Short text fragments from websites:
--- START ---

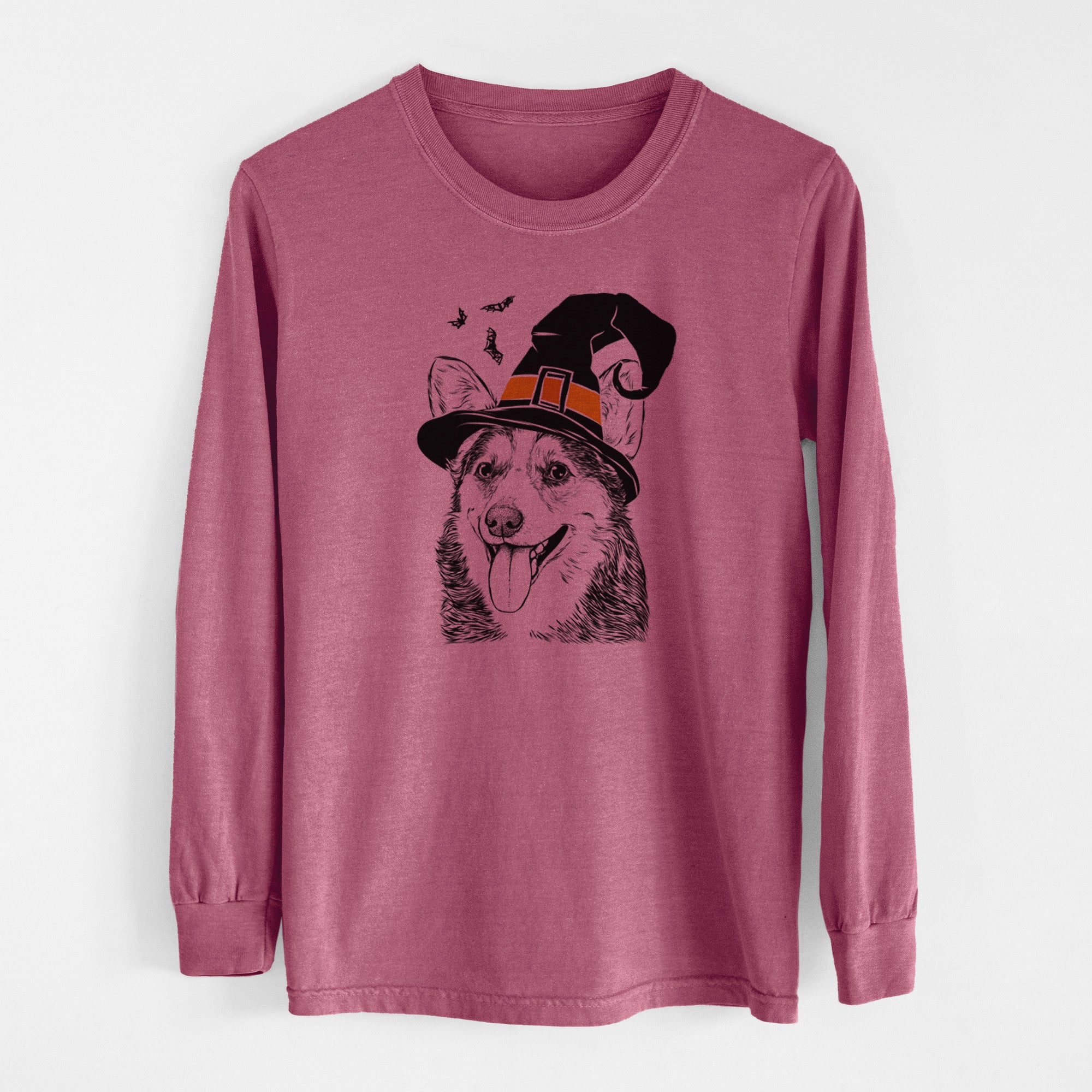 Witch Darma the Corgi - Men's Heavyweight 100% Cotton Long Sleeve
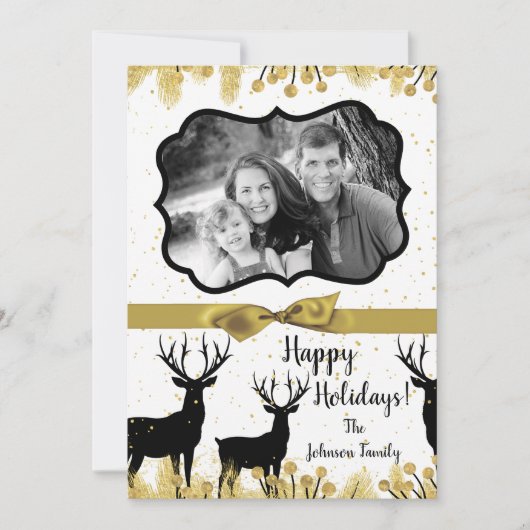 5 x 7 Kerstmis XMAS Gold Deer Buck PHOTO-kaart Feestdagenkaart (Voorkant)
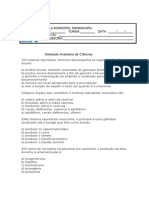 Atividade Avaliativa de Ciências 8 Ano III Unid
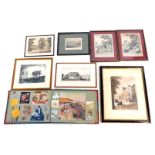 A group of etchings, comprising after Rembrant, Newcastle Upon Tyne, Exeter College, etc, framed and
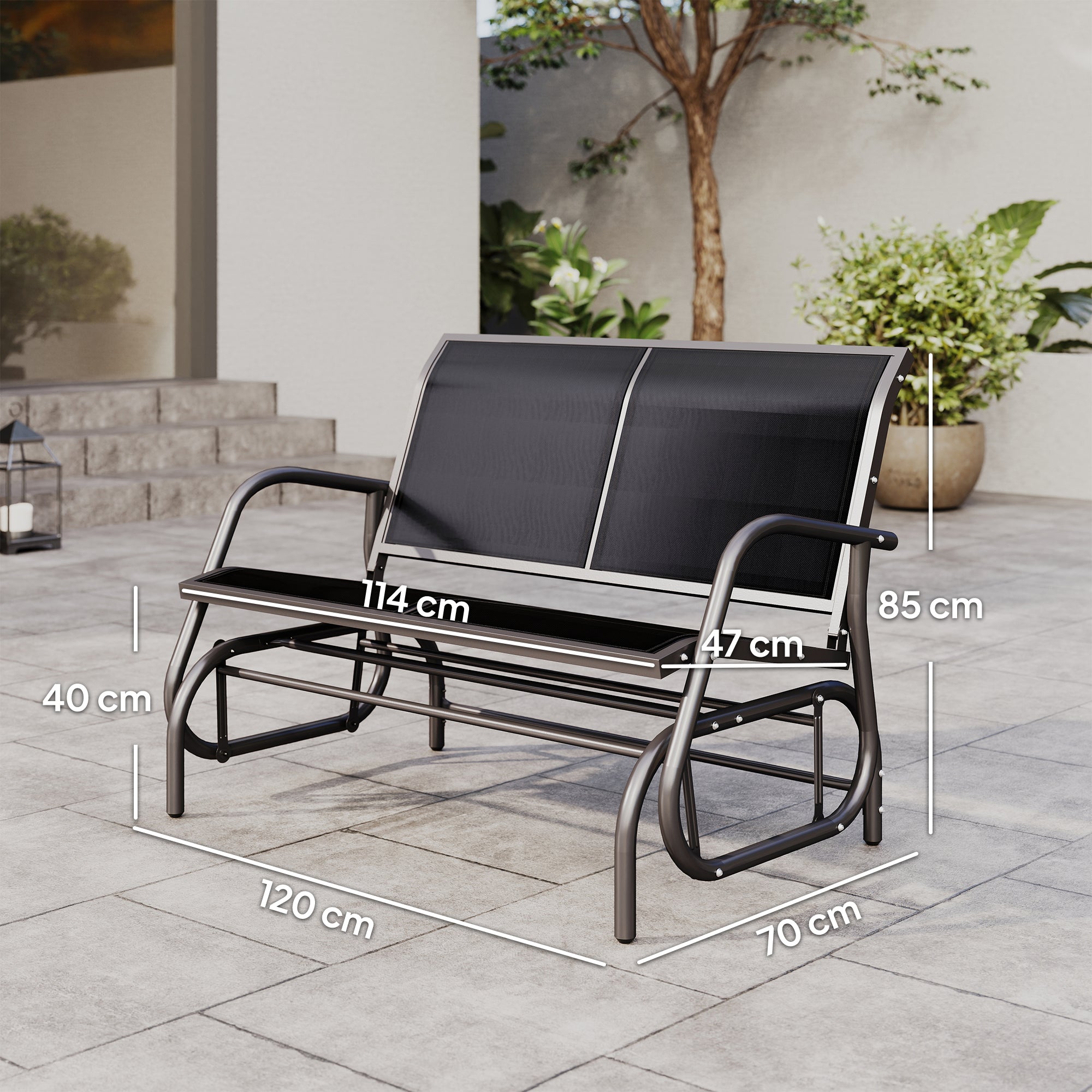 Baloiço de Jardim 2 Lugares Preto 120x70x85 cm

--- END ---

## PROBLEM TO WORK ON
When you copy the entries, keep every word exactly as it stands and drop any pictures.

## WORKED SOLUTION
 Witch Darma the Corgi - Men's Heavyweight 100% Cotton Long Sleeve
 5 x 7 Kerstmis XMAS Gold Deer Buck PHOTO-kaart Feestdagenkaart (Voorkant)
 Atividade Avaliativa de Ciências 8 Ano III Unid
 A group of etchings, comprising after Rembrant, Newcastle Upon Tyne, Exeter College, etc, framed and
 Baloiço de Jardim 2 Lugares Preto 120x70x85 cm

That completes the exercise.